Em ‘Exílios’, o jovem músico Zano e sua namora Naïma decidem partir de seu apartamento em Paris em caminho à Argélia para rever o “lar” de seus avôs. Deixam a cidade luz europeia e partem em direção à região do Magreb africano, tendo como destino Argel. No caminho, passam por regiões rurais francesas, pela Espanha, se destacando a cidade de Sevilha e a região da Andaluzia, passando pelo Mar Mediterrâneo, por Marrocos e, por fim, Argélia. 

A viagem de Zano e Naïma é uma tentativa de busca de identidade, de autoconhecimento. Se sentem estrangeiros em Paris, mesmo sendo criados dentro da cultura e do pensamento cartesiano francês, sentem um vazio existencial. A identidade individual parte também da identificação coletiva, de uma alteridade com o outro, neste caso identificada apenas entre o casal e não com o coletivo. Eles não se identificam com o meio em que vivem. O caos urbano contrasta com a calmaria do apartamento e com a inquietação interna que possuem. 
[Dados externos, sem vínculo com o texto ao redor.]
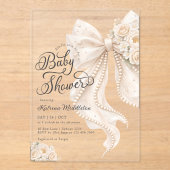 Elegant Pearl White Bow Floral Baby Shower Acryl Uitnodigingen (Voorkant)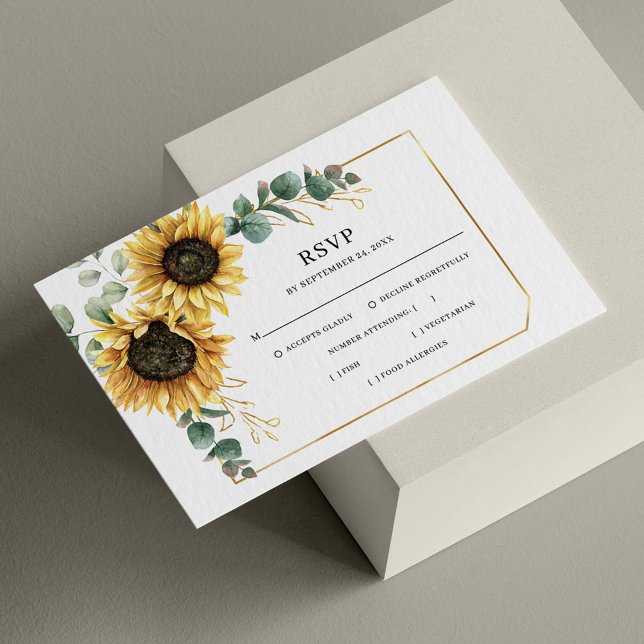 Eucalyptus Floral Sunflower Geometric RSVP Card (Creator Uploaded)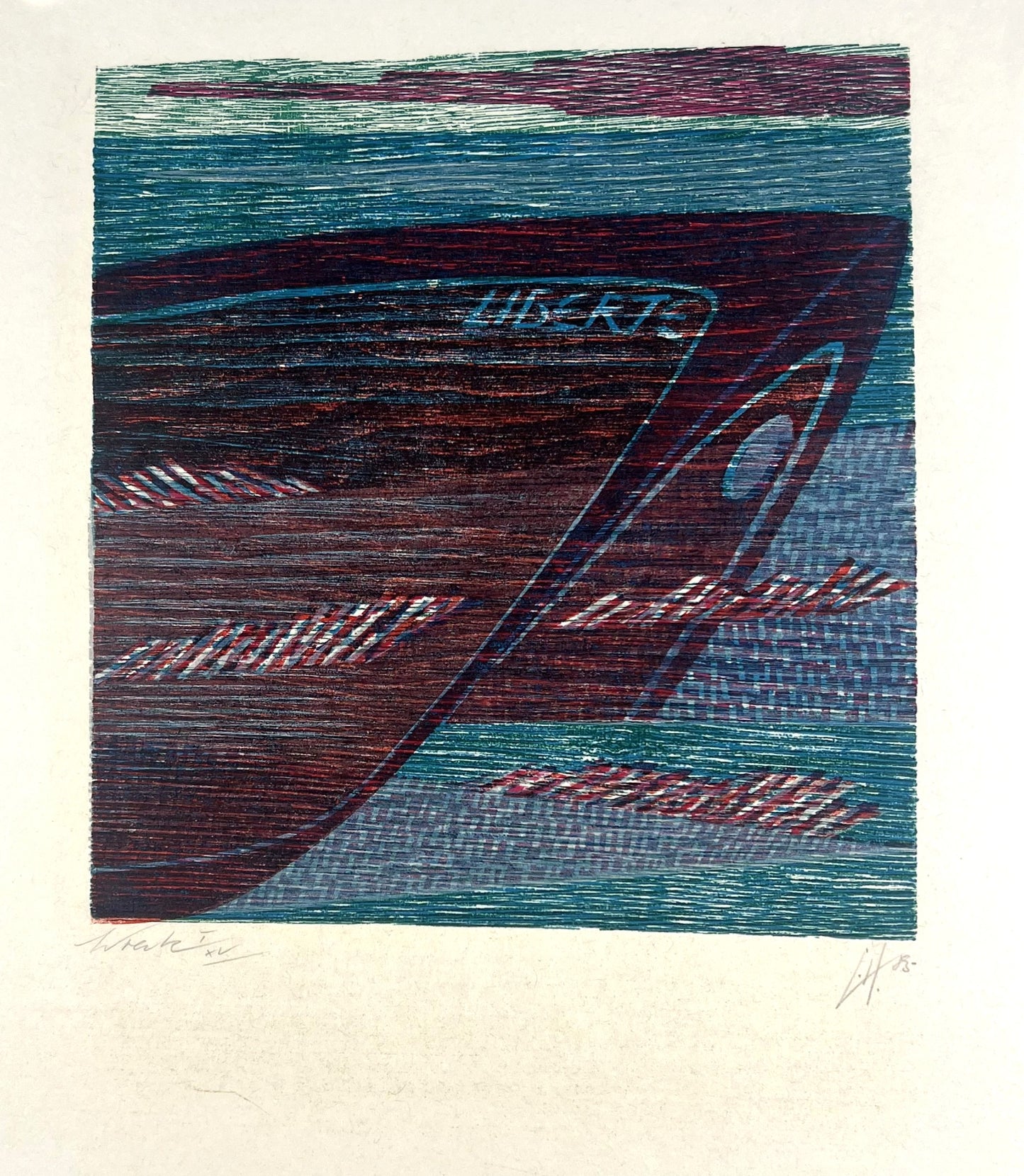 Hermanns, Gerhard, Wrack, 25 x 23,3cm, 1/15, Holzschnitt, 1985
Zano é descendente de colonos franceses que passaram gerações na Argélia, sendo pejorativamente chamados de “Pieds noirs” (“pés pretos”) quando retornaram à França após as “guerras coloniais” no final da década de 1950 e início de 1960, nas quais as colônias africanas, surgidas durantes a “Era dos Impérios: 1875-1914”, conseguiram a sua independência. Por seu turno, Naïma é descendente de árabes que migraram para a Europa. Portanto, na França, se sentem exilados e estrangeiros. 

O filme é um road-movie (‘filme de estrada’), um gênero cinematográfico no qual a narrativa dos filmes se desenrolam a partir de uma viagem e do consequente deslocamento espacial. No caso de ‘Exílios’, ele segue a estrutura básica do gênero, já que o filme é sobre a viagem de Zano e Naïma de Paris à Argélia. No entanto, pela Europa unificada, acabam caminhando em um contra fluxo, já que fazem a rota oposta de milhares de imigrantes clandestinos que saem do continente africano rumo ao continente europeu. 

O casal caminha como clandestinos, à margem, o fluxo segue em caminho contrário, pelo caminho encontram personagens que estão migrando, como um casal de jovens irmãos árabes, ou mesmo trabalhadores ilegais em uma plantação de pêssegos. Confraternizam com ciganos na Andaluzia, com as suas paisagens e arquiteturas moçárabes. Região historicamente de difícil categorização, pois foi local de convívio entre europeus e árabes durante séculos e, mesmo com a expulsão dos muçulmanos da península ibérica em 1492, houve uma geração que não era nem europeu e muito menos árabe. 

Na Andaluzia cantada pelo poeta Federico García Lorca (1898-1936) nos seus romanceros gitanos, Zano e Naïma se encontram com um grupo de ciganos, indivíduos que não pertencem a nenhuma pátria e não possuem uma língua que os representem juntamente com um estado, é uma etnia historicamente nômade. O interessante é que o diretor mostra apenas indivíduos ou grupos que estão à margem da sociedade europeia: imigrantes, clandestinos, ciganos, mulçumanos, trabalhadores rurais. No entanto, a cultura cigana e árabe ganham destaque, seja na música flamenca ou na arquitetura moçárabe. 

A busca pela identidade passa pelo reconhecimento do corpo como intermediador do eu com o meio. Naïma tem o corpo livre, não gosta de prendê-lo com roupas, está se movendo, dançando, enfim, movimentando-o. Quando chega à região do Magreb africano, se estranha com as vestimentas das mulheres mulçumanas, com o corpo todo coberto. Em Argel, capital da Argélia, é interpelada por uma mulher se não sentia vergonha de mostrar o corpo, pois estava usando um vestido. Não compreende a repressão do corpo. Ainda sobre o corpo, o filme se inícia com um close nas costas nus de Zano, o plano vai se abrindo, mostrando o conjunto do espaço. Partindo, assim, do corpo para o espaço. 

O escritor argelino Albert Camus (1913-1960), de descendência francesa e de língua francesa, também trabalha a questão de identidade no seu romance ‘O Estrangeiro’ (L'Étranger, 1942) através da personagem Meursault, que não se sente nem francês ou árabe, e que, ao matar um árabe na praia (também citado pela música ‘Killing an arab’ da banda inglesa The Cure), é julgado e condenado, não pelo crime, mas por não mostrar sentimentos no velório da própria mãe. Zano e Naïma são estrangeiros, vivem exílios em um mundo sem identidade e de constantes mutações, de modo que a busca da identidade vai além da língua, da pátria, volta-se para as entranhas do próprio ser. E ao final, a identidade não está na saída nem na chegada, ela se dispõe no meio da travessia, na própria viagem.